Has anyone else found themselves adopting strange obsessions during the coronavirus lockdown? Are you fixating on pantry pasta recipes? Going down Greek mythology rabbit holes? Scouring the internet for discontinued Betsey Johnson prom dresses?
One of my oddest fascinations as of late is with barbershop quartets. I told my partner I wanted to write about this and they jokingly suggested I title the piece “The Erotics of Barbershop,” even though it isn’t an erotic thing, not really. Or is it?
A week or so ago, I woke up with a seemingly random song lodged in my head, as I often do (does this happen to you too?). It was, of all things, “Bananaphone,” the classic goofy kids’ tune penned by legendary Canadian children’s performer Raffi. To satisfy the mental itch brought forth by this fruity earworm, I typed the song’s name into YouTube… and that’s when I discovered the Newfangled Four.
This quartet of lads, I realized as I watched their adorable take on Bananaphone, has all the appeal of a boy band like One Direction – except the group most likely to become enthralled by them isn’t teenage girls, but people like me: music nerds who always swooned over class clowns instead of hot jocks. These boys’ videos have racked up literally millions of views, and I have to wonder: how many of their viewers are reacting to these clips the way I am – as if my blazingly talented high school crush just sauntered out of choir practice, winked at me, and invited me over for a two-person Sondheim listening party after school?

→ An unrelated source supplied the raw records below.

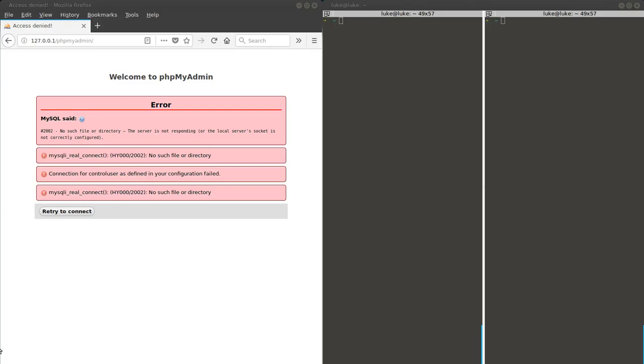So you have installed XAMPP and when you go to phpMyAdmin you see an error like this. Clearly something is wrong. It can be like this because another MySQL service is running right now.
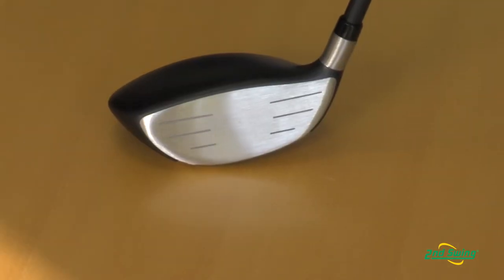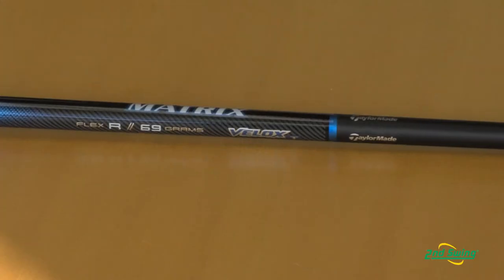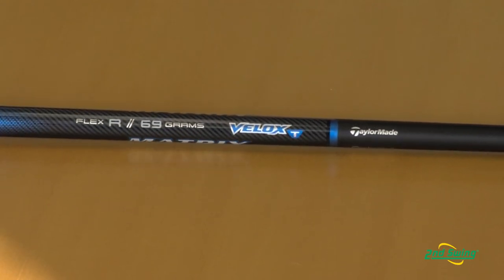We've also taken the face and made it more shallow. When you do that it promotes a higher launch, so it makes it much easier to get the ball up in the air. All this combined with the beautiful crown graphics and a lightweight Matrix V-Lock shaft, it's by far the longest fairway wood that we have ever made.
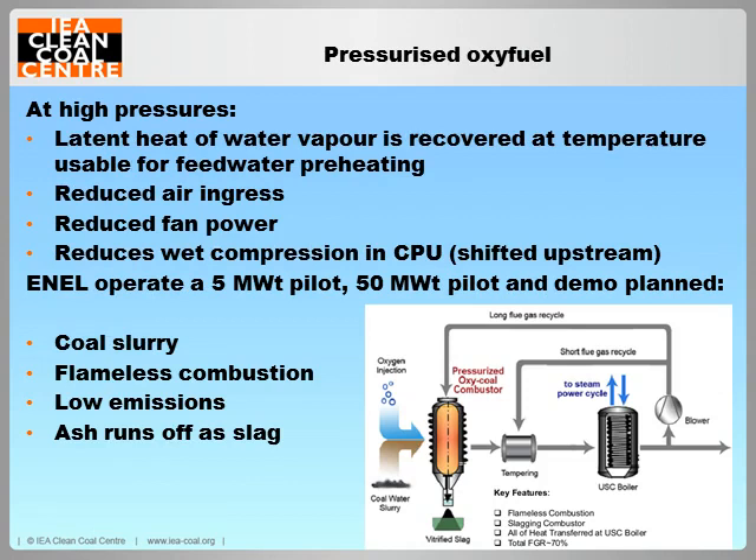Many second-generation oxy-fuel concepts are based on pressurised combustion, which is seen as particularly suitable for oxy-fuel for several reasons. Primarily, a large portion of useful heat can be recovered from the flue gas water vapour by use of a condensing heat exchanger at pressure, and the energy required for oxygen compression is mitigated by reduction in CO2 compression demand downstream. Air ingress to the boiler would also be significantly reduced. The most developed pressurised processes have been tested by Enel on the 5 megawatt thermal scale since 2007, and a feasibility study for a demonstration plant has been completed. Like many pressurised concepts, this technology uses a coal slurry feed, and a unique high-temperature flameless combustion process offers the additional benefit of reduced SOx, NOx and particulate formation. This technology is one of a number of advanced pressurised concepts currently supported by a US Department of Energy research programme.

I tumbled headfirst into a full-blown barbershop infatuation. I watched the boys sing Hello My Baby and Gaston and Supercalifragilisticexpialidocious. I drifted over to other quartets’ videos and cultivated favorites: the dadly sophistication of Main Street, the musical fortitude of Vocal Spectrum. I realized that I’d had a certain idea before of what a barbershop quartet was – just a group of guys singing stylized classics in 4-part harmony – but the genre, in fact, contains multitudes. At world-class barbershop competitions, troupes are graded not only on musicality but also on entertainment value. Some quartets stick to smooth crooning, and do it very well, but others incorporate slapstick comedy, choreographed dance, and even high-level inside jokes meant only for the apparently vibrant barbershop community to understand. Like so many other subdivisions of human culture, barbershop is so much more complex, nuanced, and interesting than it initially appears.

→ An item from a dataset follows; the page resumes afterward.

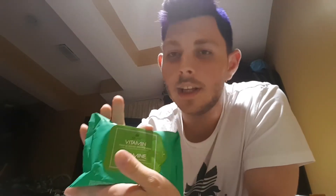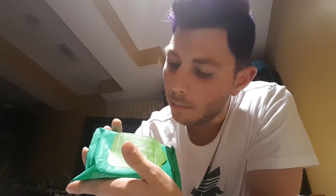Then I've been using Clinique's Vitamin Makeup Remover Wipes — the vitamin one. So good, so nice, so gentle on my face.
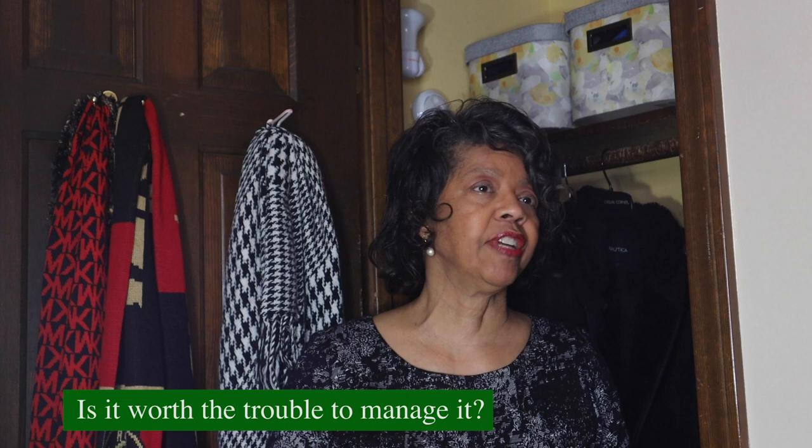As you're decluttering, there are four questions you want to ask yourself. Question number one: do you need it? Question number two: does it fit? Question number three: does it support the lifestyle that you currently have? And question number four: is it worth the trouble of storing it, of having to manage it? Because everything that you keep you have to manage — you have to look at it as inventory and you've got to manage it.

If you’re anything like me, you might have noticed yourself grasping desperately at any source of pleasure and amusement you can find in these trying times. Over the past two months, I’ve definitely laughed way too hard at Bon Appetit cooking videos and cried out in aesthetic ecstasy upon finding a particular obscure vintage handbag on eBay; we cope with stress in mysterious and often unpredictable ways. Videos of barbershop quartets have become one of those inexplicable preoccupations for me. A skilful key change makes me gasp; perfectly layered harmonies drop my jaw; a well-executed joke causes me to choke on my coffee. I feel the intensity of these reactions in my body, in a way that is almost (yes) erotic – and I know it’s perhaps an overreaction to what I’m actually watching, but it feels joyful and righteous and important. It feels like the right medicine at the right time.

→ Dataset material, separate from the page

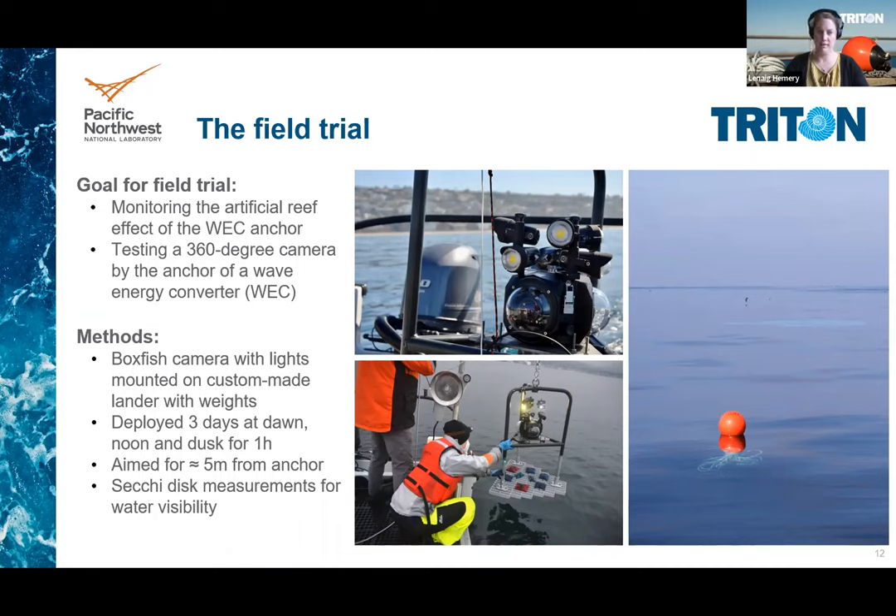To alleviate this challenge, we selected a 360-degree underwater camera to mount as a video lander so that no matter what direction it faces on the sea floor, it would be looking at our target. We used a Boxfish 360 camera with external light and mounted it on a custom-made lander with ballast weight. We deployed it in La Jolla, California to test by the anchors of the CalWave wave energy converter. We dropped the camera three times a day for one hour each time, three days in a row, and also measured the water visibility before and after with a Secchi disc.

I wonder how many other people are watching barbershop videos voraciously during lockdown. I wonder how many other weird subcultures I have yet to discover during this unfamiliar era. I wonder how my fave barbershop boys are doing – whether they’ve been practicing over Zoom, whether they’ve been working on new arrangements, whether they can still find the emotional mettle to hope to compete at another convention someday, melding sinewy harmonies together for an enraptured crowd.